Suppose a company’s PP&E balance at the beginning of Year 0 is $145 million. Depreciation also helps spread the asset’s cost out over a number of years allowing the company to earn revenue from the asset. Full BioAmy is an ACA and the CEO and founder of OnPoint Learning, a financial training company delivering training to financial professionals. She has nearly two decades of experience in the financial industry and as a financial instructor for industry professionals and individuals. Calculate the annual depreciation charge for the property for the year ended 31 March 20X2.

Property, Plant and Equipment (PP&E)

Like all roll-forward schedules in the financial models, we’ll link the beginning PP&E balance in Year 1 to the ending balance in Year 0. Level up your career with the world’s most recognized private equity investing program.
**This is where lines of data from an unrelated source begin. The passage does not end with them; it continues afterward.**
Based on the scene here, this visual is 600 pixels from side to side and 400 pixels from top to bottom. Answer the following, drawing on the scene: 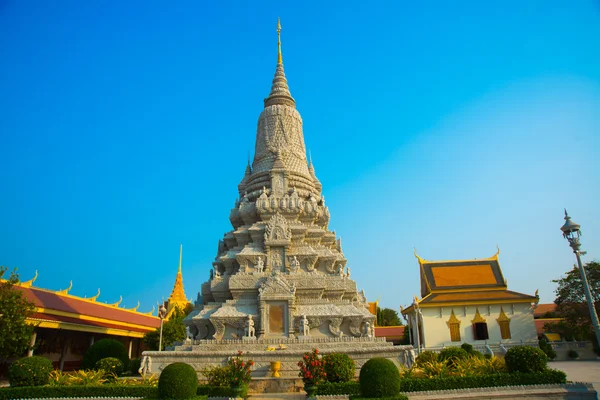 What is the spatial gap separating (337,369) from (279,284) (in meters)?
6.74

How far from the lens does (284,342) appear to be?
18.4 metres

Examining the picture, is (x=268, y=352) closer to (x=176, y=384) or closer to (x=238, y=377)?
(x=238, y=377)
Depreciable property is an asset that is eligible for depreciation treatment in accordance with IRS rules.

  • ; no matter which way one accounts for the cost, it is not apt to bear on anyone’s decision-making process about the company.
  • They are given prominence by a line item on the statement of net cost with a note reference in lieu of a dollar amount.
  • These assets can span a wide range of different things that a business needs to operate or assets that are purchased for investment purposes.
  • Property, plant, and equipment (PP&E) includes tangible items that are expected to be used in more than one reporting period and that are used in production, for rental, or for administration.
  • Items grouped within a class are typically depreciated using a common depreciation calculation.
  • If this were to happen the carrying amount would need to be found at the date of revaluation, and therefore the asset would be depreciated based on the original depreciation for the period up until revaluation.

For instance, an automobile company will likely have a much higher balance than a technology company. For example, the company could be weakened by overspending on PP&E, stretching its finances too thin and then being vulnerable to increasing interest rates, etc. However, all three have an impact on the financial standing of the company. The amount and importance of PP&E vary by industry, with capital-intensive industries having high PP&E representing a higher proportion of their value .


It was estimated that the asset had a residual value of $20,000 and a useful life of 10 years at this date. On 1 April 20X2, the residual value was reassessed as being only $15,000 and the remaining useful life was considered to be only five years. In addition to the above information, Yucca Co was granted a trade discount of 10% on the initial list price of the machine and a settlement discount of 5% if payment was received within one month of purchase.


Deferred maintenance is maintenance that was not performed when it should have been performed or was scheduled to be performed and, as a result, is delayed until a future period. FASAB believes that deferred maintenance is a cost but that it cannot be measured well enough to be recognized in the basic financial statements.